A fog of uncertainty shrouds the fates of both ports over the next year. At the end of a downcast Brexit panel at the U.K. Ports Conference, one audience member asked, with some slight exasperation, what the upsides to Brexit might be and what systems might be built to support it. The panelists responded that until they knew what Brexit would entail, they didn’t know what they should build for it. The technologies used in border crossings between other friendly nations aren’t necessarily useful in thinking about Dover because of the issue of flow, Richard Ballantyne explains. Queues caused by checks, which are a minor annoyance between the United States and Canada, or Norway and Sweden, could lead to massive tailbacks and lockdown in the time-sensitive space of Ro-Ro.
At the Ports Conference, several heads of U.K. ports associations indicated that they are consulting with the British government on possible technological solutions but, due to nondisclosure agreements, they were unable to give specific details. In a coffee break, I joined a gaggle of attendees who quietly wondered if there was any “there” there in the presentations, or if this was all smoke and mirrors, another way for the government to buy time against the looming deadline of exit.
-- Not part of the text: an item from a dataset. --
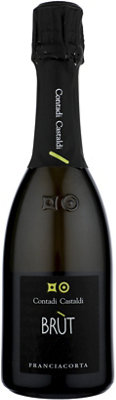 Contadi Castaldi Franciacorta Brut 375ml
We sail across the Channel in a swift hour and a half. The sea is still and the mist burns off. I only notice the border crossing into French waters when my mobile phone carrier changes. The Pride of Canterbury docks into a mirror of Dover’s port at Calais, and I do the switch-around in reverse for my return journey—another bus, another set of inspection sheds, another round of passport checks (British border control, so more Union Jacks), another poster depicting murderers, another patriotically named ferry (the MS Spirit of Britain).
We arrive back in Dover as the sun is low. The cliffs are glowing and seem permanent, unchangeable geological megastructures.
Brexit was promised as a great and disruptive change; a magnificent unfolding of new trade structures as borders tightened. Its outcome grumbles slowly, miserably forward. Yet at this physical place where the change will happen, the ports and the people hope things stay the same. Richard Christian emphasizes that the majority of traders don’t want to change their supply chain; the cross-channel routes are the shortest and most efficient way of getting just-in-time goods to where they need to be. “It’s replicating what we have now which is the challenge” Ballantyne tells me.
For Joan Didion, magical thinking permitted a way of denying the material brutality of death and the flimsy vulnerabilities of the human form; a way to survive and perform normality against a sea change. “I was thinking,” she writes, “as small children think, as if my thoughts or wishes had the power to reverse the narrative, change the outcome.” As the juggernaut of Brexit rolls into view, British politicians seem to be operating under the same delusion.